Numerical study of radiative properties of nanoporous silica aerogel

• Absorption and scattering is modeled with Generalized Multiparticle Mie-solution.
• Nanoscale effects from porosity and particle size are studied.
• Extinction coefficient and temperature is modified with the Monte Carlo method.
• Optimal temperature-dependent density is obtained for insulating capability.

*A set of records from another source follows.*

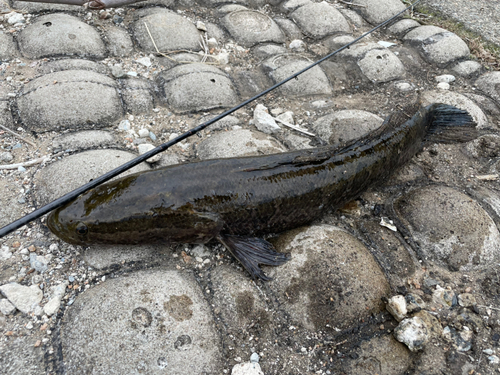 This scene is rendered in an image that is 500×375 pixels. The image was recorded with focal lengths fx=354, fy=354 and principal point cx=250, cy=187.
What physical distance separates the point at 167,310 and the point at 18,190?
1.81 metres

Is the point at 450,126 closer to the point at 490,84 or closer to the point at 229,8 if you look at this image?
the point at 490,84

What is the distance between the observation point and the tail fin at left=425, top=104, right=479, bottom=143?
154 inches

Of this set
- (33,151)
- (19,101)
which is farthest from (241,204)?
(19,101)

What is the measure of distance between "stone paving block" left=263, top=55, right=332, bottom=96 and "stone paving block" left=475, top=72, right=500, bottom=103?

Silica aerogel as a super-insulating material has a large application potential in many engineering fields. This article aims at studying the radiative properties of silica aerogel in three aspects including nanoscale effect, radiative thermal conductivity and optimal temperature-dependent density. Firstly, radiative properties of three-dimensional silica aerogel made up of chain-like equal-sized nanospheres are investigated by considering the dependent scattering. The results indicate that the effect of nanostructure is limited on radiation insulating performance of silica aerogel. Secondly, we simulate the radiative transfer in bulk silica aerogel, and the parameter errors of extinction coefficient and mean temperature in Rosseland equation are discussed. The modified extinction coefficient is given and more accurate radiative thermal conductivity is observed. Finally, by evaluating the effective thermal conductivity from the total contributions of solid phase, gas phase and radiation as a function of temperature and density, we obtain the optimal temperature-dependent density at which the heat transfer in silica aerogel can be mostly suppressed.